I will admit I would have preferred a pope who was not quite so much a conservative figurehead. The Hitler's Youth business just produces a ready made target for anti-Catholics. On the other hand, they hate the Church for what it is and would never warm to a pope unless he completely sold out to them. And that is something we did not want to see. As for my own predictions, the less said the better....

So what have we got? The finest intellect to occupy the throne of St Peter since... well ever, probably. A first class administrator when the Vatican administration is in a pretty poor state of repair. It is no good being a centraliser if the central machinery is not up to the job. A conservative yes, but one who has already admitted to some of the mistakes of the past. At least I don't have to worry about his orthodoxy.

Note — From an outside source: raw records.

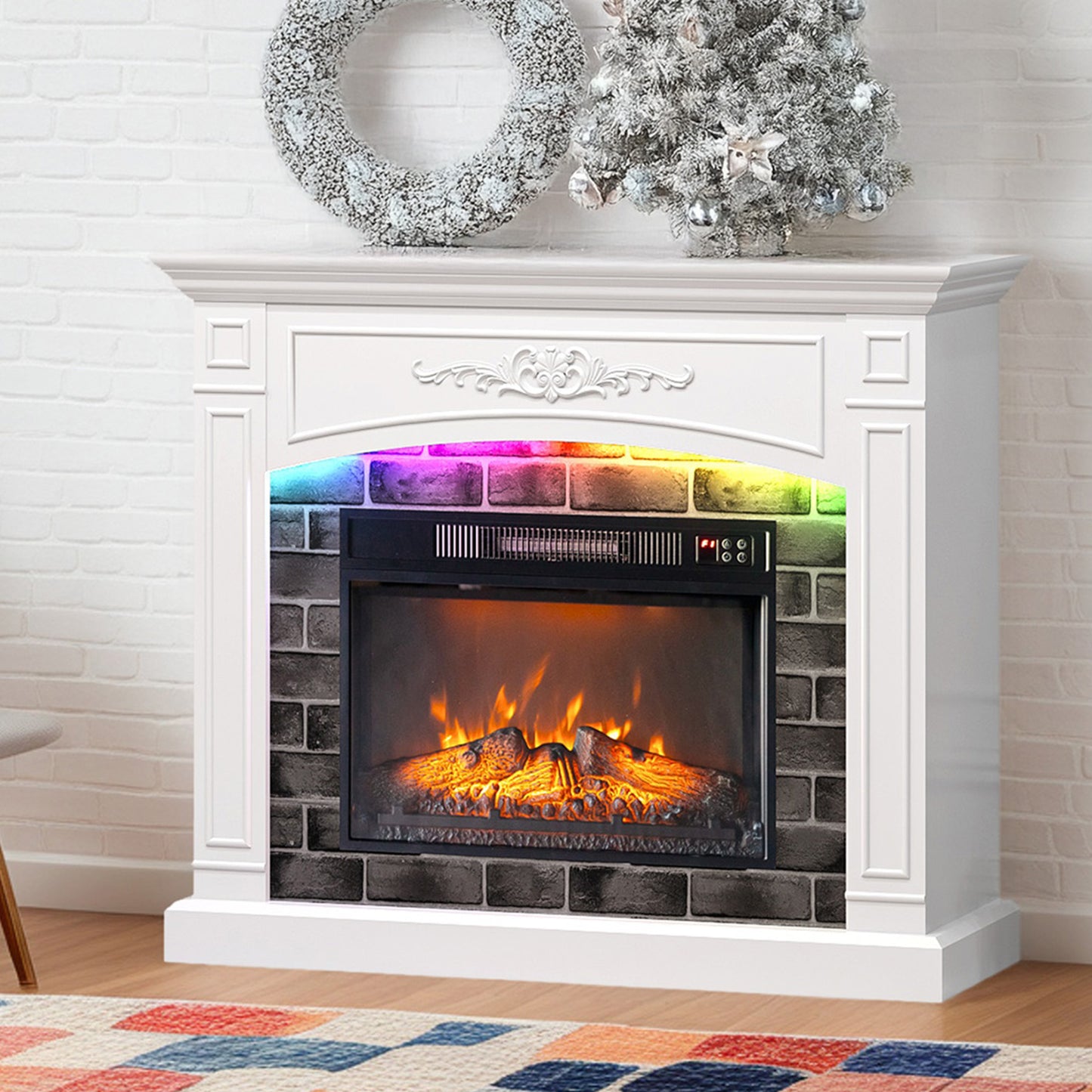 Electric Fireplace with Panel, 23'' Freestanding Fireplace Heater with Adjustable Flame, TV Stand for 42 inch TV, Living Room Bedroom, 1400W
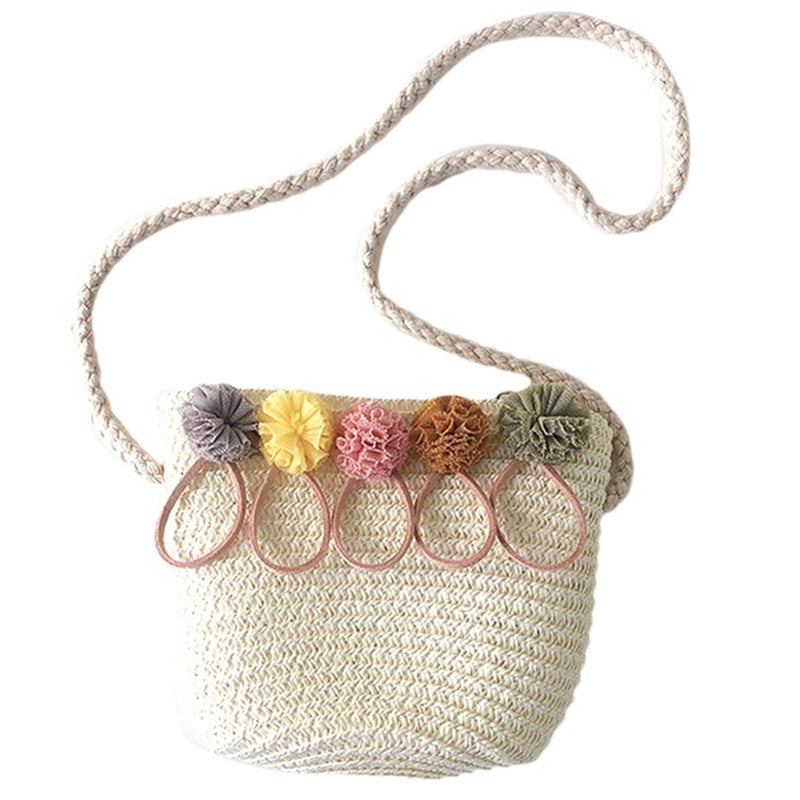 Women Crossbody Shoulder Bag Knitted Straw Messenger Satchel Handbag Bucket Bag Vintage Bucket Straw Beach Bags Women Totes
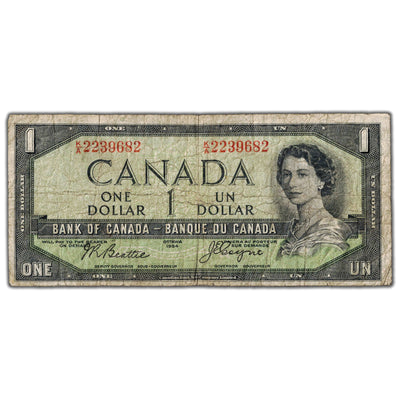 $1 1954 Bank of Canada Note Devil Face K/A Prefix BC-29b - VG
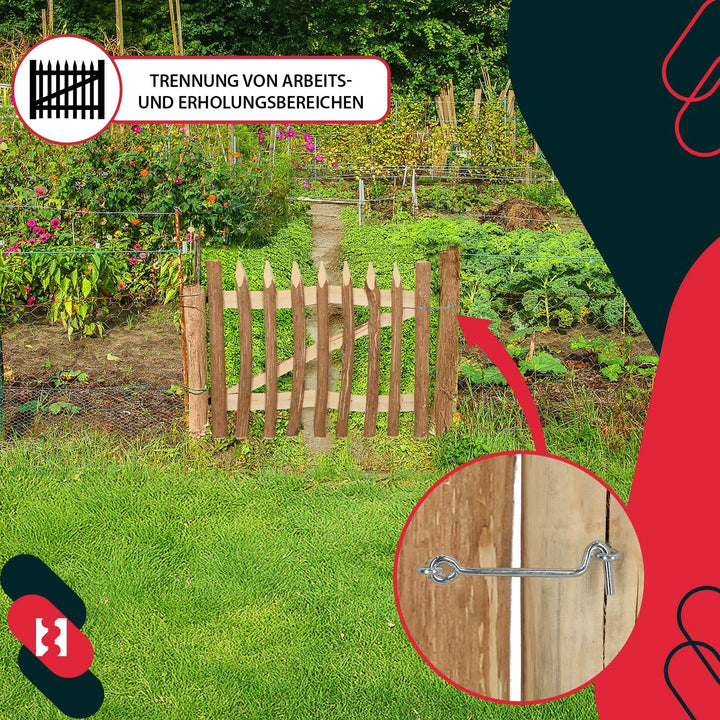 KOTARBAU® Gartentor aus Haselnusslatten für Staketenzaun 80 x 100 cm Zauntor für Staketenzaun Kastan
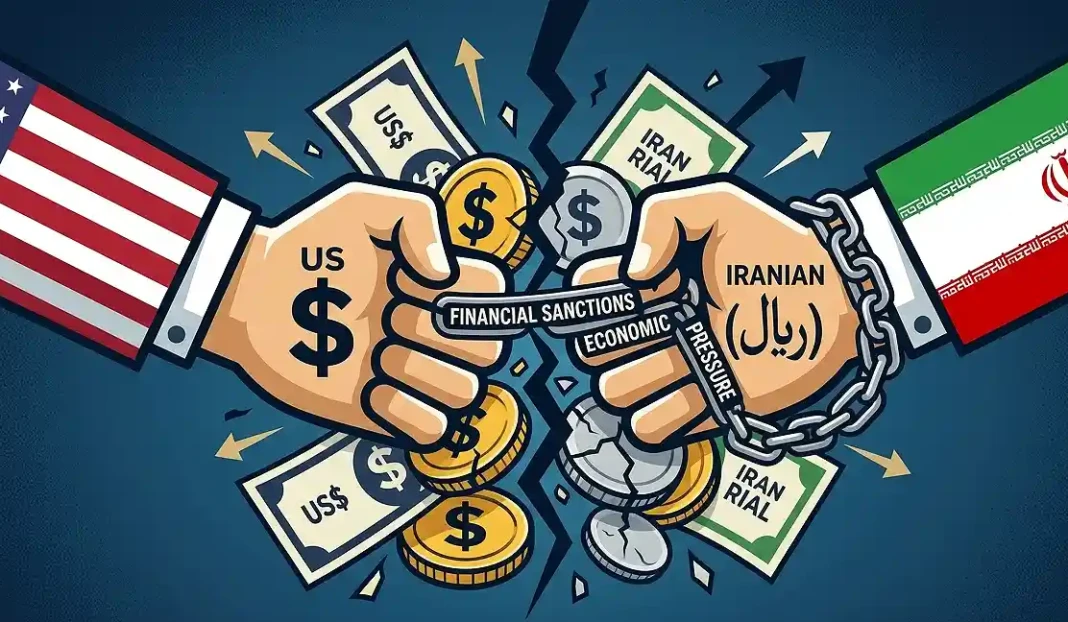 A symbolic image of financial war between USA and Iran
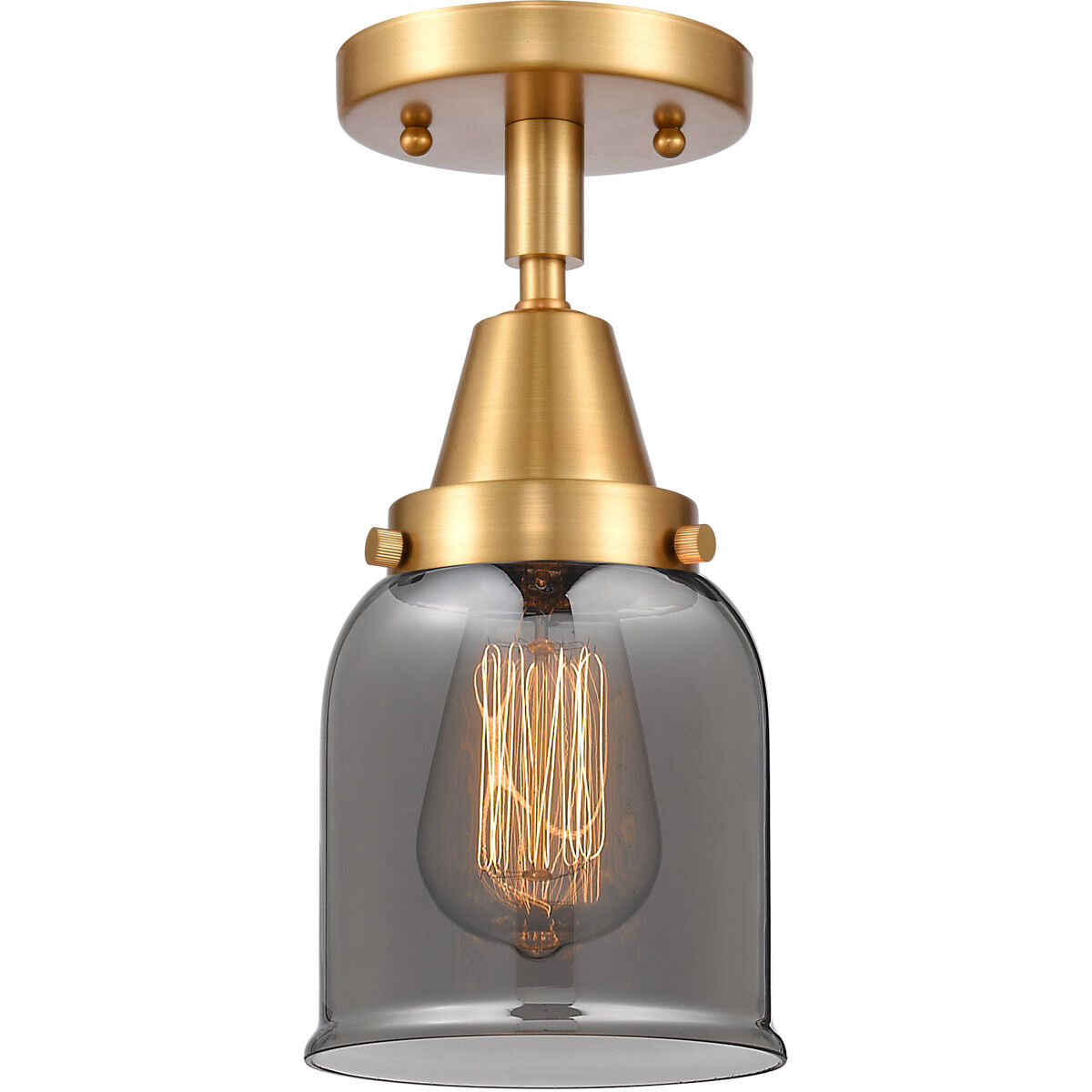 Franklin Restoration Small Bell 1 Light 5 inch Satin Gold Flush Mount Ceiling Light in Plated Smoke Glass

One issue that I would like Benedict XVI to grasp with both hands is the liturgy. In the English speaking world, this has been on the skids for some time. We foolishly borrowed the Anglican ideas of 'inclusive language' and 'modern terminology' just when the Anglicans had rightly started to ditch the idea. I want to see the English liturgy develop some of the numinous lustre of the Book of Common Prayer, Latin to be used more often (especially Gregorian chant), traditional English hymns to be sung as they are by Anglicans and choirs that dress properly. It is the liturgy that allows most of us to get as close to God as we ever do and it needs to be a top priority. Here, at least, Vatican II was an unmitigated failure. Hard to believe that so much of the world's greatest music is set to the Catholic liturgy. Even Bach wrote a mass and he was Protestant!